It is interesting to note then the subesequent reputation of the man who, for relatively parochial reasons (using terror to drive the Austrians out of Bosnia), set off the conflagration. Princip had been hailed in Yugoslavia as a national hero until the Balkan wars of the early 90s. There was a museum devoted to him in Sarajevo that closed during the war. The place he stood when he fired the fatal shots was marked with a monument, until in a perhaps fitting turn of events shelling by other Bosnian Serb nationalists during the siege of Sarajevo destroyed it.

In January 2003, according to this story, Sarajevo -- which was spared the fate of becoming a provincial city in a greater Serbia thanks to American arms -- decided to restore the monument.
Sarajevo is preparing to put history ahead of ethnic divisions and reinstate a memorial recalling the shots that carried the city's name around the world, long before its ordeal in the Bosnian war of the 1990s.
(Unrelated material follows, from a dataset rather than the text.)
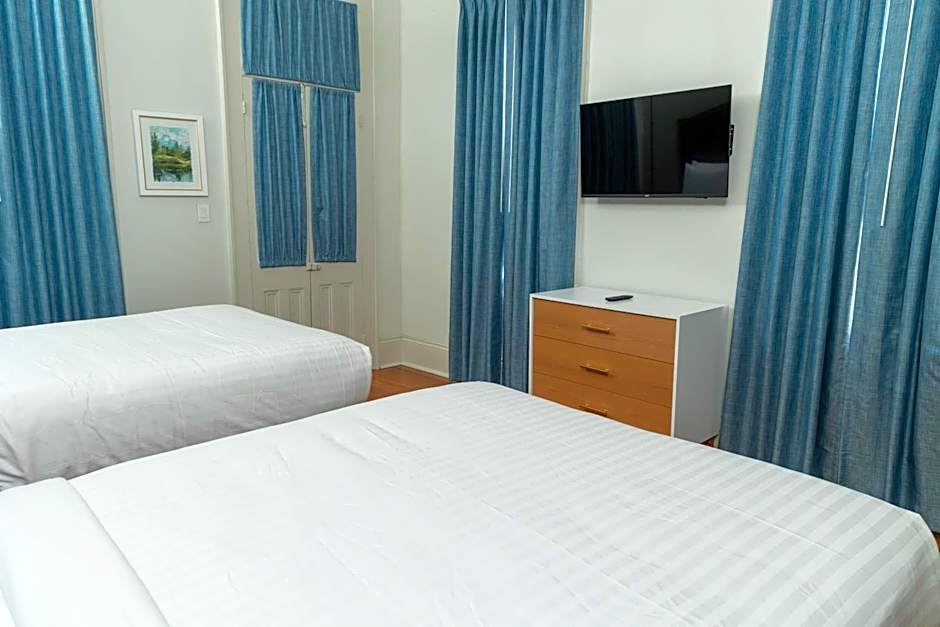 Lamothe House Hotel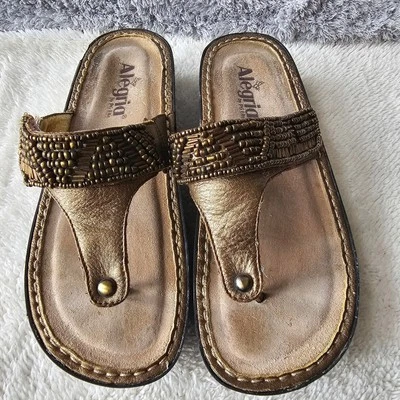 Sandalias Alegria para mujer Carina de cuero con cuentas sin cordones talla 6,5 doradas playa Foto 1 de 4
Carved footprints at the spot where student radical Gavrilo Princip assassinated Austrian Archduke Franz Ferdinand, sparking World War One, will go on display 10 years after the pavement that once bore them was destroyed by Bosnian Serb shelling.

The 1914 assassination made Sarajevo known across the globe long before the 1984 Winter Olympic Games and its 1992-5 siege, said city official Ramiz Kadic. "We owe this memorial to the world," he added.
Not everyone is pleased.
To some, Princip was a Serbian patriot. But to others, he was a terrorist who does not deserve to be remembered -- and certainly not when the West has declared a "war on terror" against individuals who kill for their ideals.
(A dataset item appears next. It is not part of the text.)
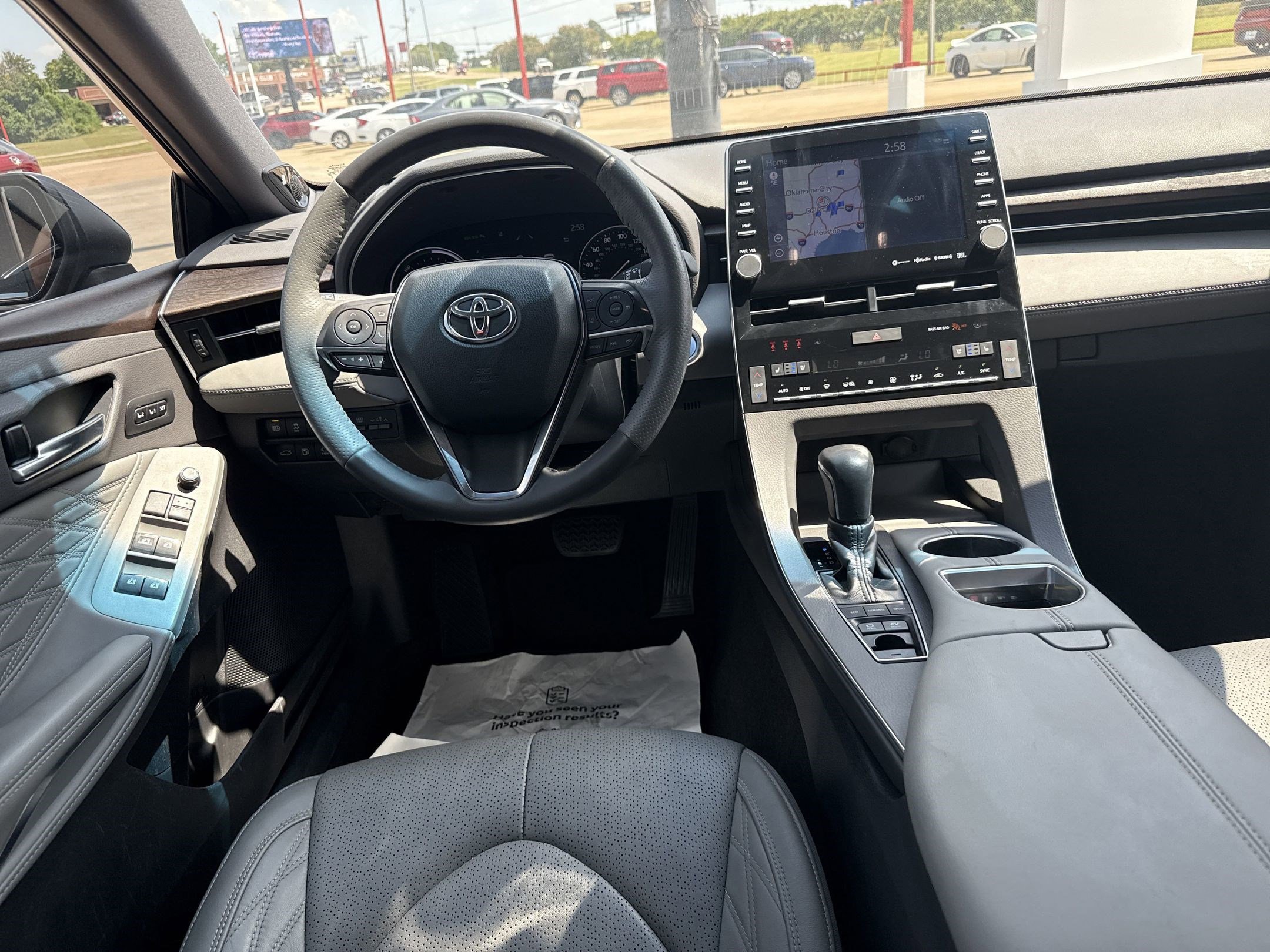 2020 Toyota Avalon Hybrid Limited photo 4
Recalling the 1992-95 Bosnian war and the September 11, 2001 attacks on the United States, critics said Sarajevo did not need a monument to a "Serb terrorist".

"If we regard September 11 a terrorist act, how do we regard the act of Princip who killed not only the enemy but also his pregnant wife?" said Edo Arnautovic, president of the Green Berets association of Bosnian war veterans.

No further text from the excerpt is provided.